What stood out to me as a reader who is both deeply worried about the coming climate meltdown but also not too well informed with details, was the realistic optimism of The Ministry for the Future. The book isn’t simply another dystopian novel, but instead attempts a grounded projection based on some of the more virtuous aspects of humanity. Robinson periodically points out how progressive policies such as universal basic income, land tax, and socialized healthcare will be paramount to help secure a better environmental future for all of humanity. At points, Robinson’s political optimism felt a bit naive given the abysmal level of international cooperation in our response to the ongoing pandemic this past year. Even if we manage to reverse our nationalizing trends and work together, there will still likely be many bad actors with lots of money and power to lose if we push for the drastic global restructuring Robinson calls for. That being said, I place some hope in the selfishness of individuals as they realize that their money and power will be of little value on a unliveable planet.

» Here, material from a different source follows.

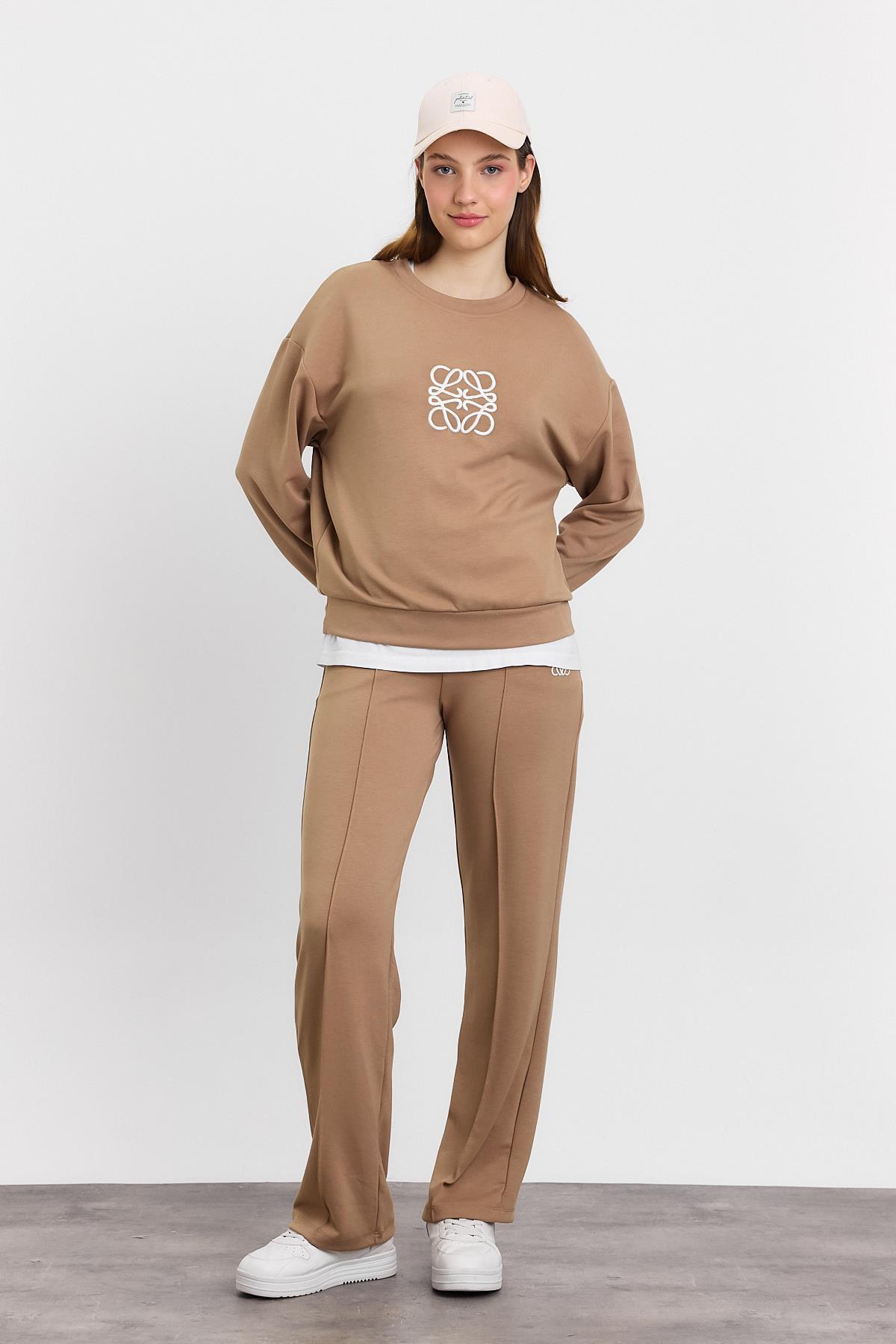 4013 Nakış Detay Pantolon Takım Camel - 6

What is most obvious while reading The Ministry for the Future is how our awareness of the fragility of the climate, which has come in and out of the public’s eye for the past several decades, will only rise in its immediacy and intensity. No longer will these issues be news headlines of sub-Saharan desertification, Bangladeshi floods, or Australian wildfires. Rather, they’ll be in our own backyards. Rich or poor, countries all over the world will be battered with problems in every aspect of daily life. The air we breathe, the water we drink, the food we eat—all these basic necessities will not easily withstand our global ecosystem spiraling out of control. With all the worry that these facts may provoke, Robinson’s fictional world convincingly charts a path out of our current dark climate tunnel.